G
Gabriel Genellina
Rafael said:I'm studying compilers now on my university and I can't quite
understand one thing about the python interpreter. Why is its input a
binary file (pyc)? The LOAD_CONST opcode is 100 (dec) and STORE_FAST's
is 125 (dec). The translation of the following code:
foo.py:
x = 10
Could be this:
foo.pyc:
100 10
125 0
That way you wouldn't need code such as
static void
w_long(long x, WFILE *p)
{
w_byte((char)( x & 0xff), p);
w_byte((char)((x>> 8) & 0xff), p);
w_byte((char)((x>>16) & 0xff), p);
w_byte((char)((x>>24) & 0xff), p);
}
since you could read it with strtol and write back using a simple
printf.
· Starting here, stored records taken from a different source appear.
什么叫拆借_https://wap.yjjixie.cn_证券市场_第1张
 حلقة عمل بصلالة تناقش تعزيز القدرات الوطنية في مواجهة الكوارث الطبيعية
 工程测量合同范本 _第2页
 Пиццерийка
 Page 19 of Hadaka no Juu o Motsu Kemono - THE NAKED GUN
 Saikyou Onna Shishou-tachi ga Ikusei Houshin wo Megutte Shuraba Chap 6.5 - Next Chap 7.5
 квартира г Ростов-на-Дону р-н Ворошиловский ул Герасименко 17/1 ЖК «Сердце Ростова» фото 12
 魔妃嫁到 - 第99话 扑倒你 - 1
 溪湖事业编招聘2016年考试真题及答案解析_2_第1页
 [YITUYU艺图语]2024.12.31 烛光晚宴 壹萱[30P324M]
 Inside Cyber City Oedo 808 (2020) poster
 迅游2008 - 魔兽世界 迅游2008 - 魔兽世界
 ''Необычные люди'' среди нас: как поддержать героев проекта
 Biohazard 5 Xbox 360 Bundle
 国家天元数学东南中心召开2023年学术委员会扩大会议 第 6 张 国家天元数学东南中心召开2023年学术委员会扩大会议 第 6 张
So you wouldn't need a buch of casts by simple using ascii
input and output.
A "simple" printf or strtol involves hundreds of instructions. And
people want Python to execute fast...
What's the reason for having it in a binary form instead of writting
it in ascii? (yeah, I know ascii would be binary also, but I think you
get my point.)
Speed? Eficiency? File size? Ease of use?
A .pyc *could* be written in ASCII, but what do you gain? Replacing a
few trivial functions in the Python core with a printf/scanf equivalent?
At the same time you lose a lot of speed, so I don't see the point.
So I was writting this interpreter for some assembly language defined
in class and I did something like python does, so I had a binary file
to interpret. After a while I thought it was far harder to program.
Why harder? Once you read the file, they're just numbers. Anyway, being
harder to program the *interpreter* is not a problem, if you gain
something like speed or eficiency for the interpreted language.
And when I tried to code an assembler my problems got greater, as I
wanted to code it in python (the interpreter was in C++) and I had a
hard time trying to figure out how I would print something that's not a
ascii or unicode string. As for the benefits, I couldn't figure out any.
Sorry, I could not understand what you said here.